A prediction interval, by contrast, is about an individual data point, not a sample statistic. It expresses the degree of uncertainty around a specific prediction from a model, say a linear regression. It is stated in the form “on average we can expect, say, 95% of our predicted values to fall in this interval.” A prediction interval will, naturally, be much wider than a confidence interval (which gets narrower and narrower as you take bigger samples).
A tolerance interval, like a prediction interval, is also about a single data point. It differs from a prediction interval in that we add a second quantification of uncertainty. In a prediction interval, the statement 0.25 “on average we can expect, say, 95% of our predicted values to fall in this interval” implies that half the time more than 95% of the predictions will fall in the interval, and half the time fewer than 95% of the predictions will fall in the interval. A tolerance interval quantifies that first part of the statement – i.e. it says, for example, “90% of the time 95% of the predictions will fall in the interval.” A tolerance interval in which that first uncertainty value is set to 50% is equivalent to a prediction interval.

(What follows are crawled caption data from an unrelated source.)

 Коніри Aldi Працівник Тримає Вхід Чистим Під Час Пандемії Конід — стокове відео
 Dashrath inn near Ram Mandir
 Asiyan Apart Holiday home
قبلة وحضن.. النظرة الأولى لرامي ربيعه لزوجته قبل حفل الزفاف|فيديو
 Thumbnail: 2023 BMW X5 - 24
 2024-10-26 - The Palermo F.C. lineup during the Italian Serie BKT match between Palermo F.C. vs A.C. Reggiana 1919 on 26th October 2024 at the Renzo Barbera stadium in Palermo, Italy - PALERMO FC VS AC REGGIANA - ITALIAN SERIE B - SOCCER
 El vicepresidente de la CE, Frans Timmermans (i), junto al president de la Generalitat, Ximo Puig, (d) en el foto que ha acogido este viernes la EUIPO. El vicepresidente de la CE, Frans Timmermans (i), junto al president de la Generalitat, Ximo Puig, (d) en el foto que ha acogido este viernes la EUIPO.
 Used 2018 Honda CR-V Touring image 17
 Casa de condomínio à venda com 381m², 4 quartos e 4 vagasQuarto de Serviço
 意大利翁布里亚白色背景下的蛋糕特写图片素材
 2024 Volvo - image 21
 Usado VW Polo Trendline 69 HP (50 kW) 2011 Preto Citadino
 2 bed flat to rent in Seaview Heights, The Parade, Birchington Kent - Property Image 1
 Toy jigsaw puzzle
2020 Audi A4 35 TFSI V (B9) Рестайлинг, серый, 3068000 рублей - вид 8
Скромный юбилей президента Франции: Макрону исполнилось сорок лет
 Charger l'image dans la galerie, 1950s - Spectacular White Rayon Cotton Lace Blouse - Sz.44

A tolerance interval is not to be confused with manufacturing “tolerances,” which are statements about intervals within which we hope, expect or require some measurement to fall. They may have some relation to prior data (i.e. the organization would not want them to be totally unrelated to reality), but they are not calculated from ongoing process data.
Tom Ryan’s comprehensive text Modern Engineering Statistics covers these intervals in some detail. Tom developed and taught a number of courses with us at the Institute; he passed away in December, 2016.